Over the summer, I was in line at a store and in front of me was a wife, husband and three kids and they had 5 pair of shoes. They didn't have the most expensive shoes.. If I recall, I think there was a huge sale on shoes so if each pair was $50, that would have been $250 to put a new pair of shoes on each family member. I just started calculating things, wondering how much needs to be brought in for a family with three kids to live middle class and my quick estimate after figuring out how much it would cost them to feed everyone, healthcare, etc.. So it was not at all accurate, but I ballparked it to be over $60k.. Maybe closer to $70k. I would imagine the average family would take a big hit if one of the parents all of a sudden didn't have a job or had to stop working. So if $60k - 70k isn't poverty, its not far away from it.
Posted by Galloglaich
Member since Apr 2026
108 posts
Posted on 4/9/26 at 7:01 pm to
When I saw that the Malaysian countryside looked better than 95% of the US, that’s when I woke up. At some point, MAH GDP starts to resemble a laundry basket, not a bucket.
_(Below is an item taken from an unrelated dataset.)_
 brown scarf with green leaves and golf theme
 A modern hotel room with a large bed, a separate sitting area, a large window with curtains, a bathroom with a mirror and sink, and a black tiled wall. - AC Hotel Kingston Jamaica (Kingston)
Yeah you can bring up the BS Mississippi metric, but Mississippi looks third world compared to the developed world period.
This post was edited on 4/9/26 at 7:04 pm
Posted by Swamp Angel
West Georgia Chicken Farm Territory
Member since Jul 2004
10179 posts
Posted on 4/9/26 at 7:22 pm to
quote:

As of 2025, the time needed to earn $1 is 63 minutes in the US.
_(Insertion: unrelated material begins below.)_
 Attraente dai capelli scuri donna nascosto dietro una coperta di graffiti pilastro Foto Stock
The federal minimum wage is $7.25/hr. Where the **** do these "economists" come up with these mathematical enigmas? Or maybe I should ask exactly who is working for less than a dollar per hour and what the hell are they doing?
Posted by dgnx6
Member since Feb 2006
89779 posts
Posted on 4/9/26 at 7:29 pm to
quote:

Also, printing trillions of dollars has some pretty nasty effects as well



Immigration is part of this. We have to pay for it plus the amount of fraud.
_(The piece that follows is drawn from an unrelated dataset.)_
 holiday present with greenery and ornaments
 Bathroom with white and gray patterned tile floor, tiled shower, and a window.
That's why my number one thing was always the border. It has to stop.

Posted by Everyday Is Saturday
Member since Dec 2025
1558 posts
Posted on 4/9/26 at 7:30 pm to
There are ghettos everywhere.

However, the bottom range appears bigger in US (per my eyeballs). Much travel to and having lived in Europe.

Socialism, expectedly, shows up on bottom range.

If poverty is measured as a range, comparatively, the U.S. / capitalism (without socialistic taxes) naturally will show up worse. Matches my eyeball test.

Therein are the choices made in the economic systems and societies that people want to live in.
This post was edited on 4/9/26 at 7:31 pm
Posted by Galloglaich
Member since Apr 2026
108 posts
Posted on 4/9/26 at 7:33 pm to
quote:

Immigration is part of this. We have to pay for it plus the amount of fraud. That's why my number one thing was always the border. It has to stop.


American Capitalism and climate change destabilizes countries to the south causing them to flee here.
Posted by BestBanker
Member since Nov 2011
19454 posts
Posted on 4/9/26 at 7:35 pm to
Yet another reason to dislike soccer.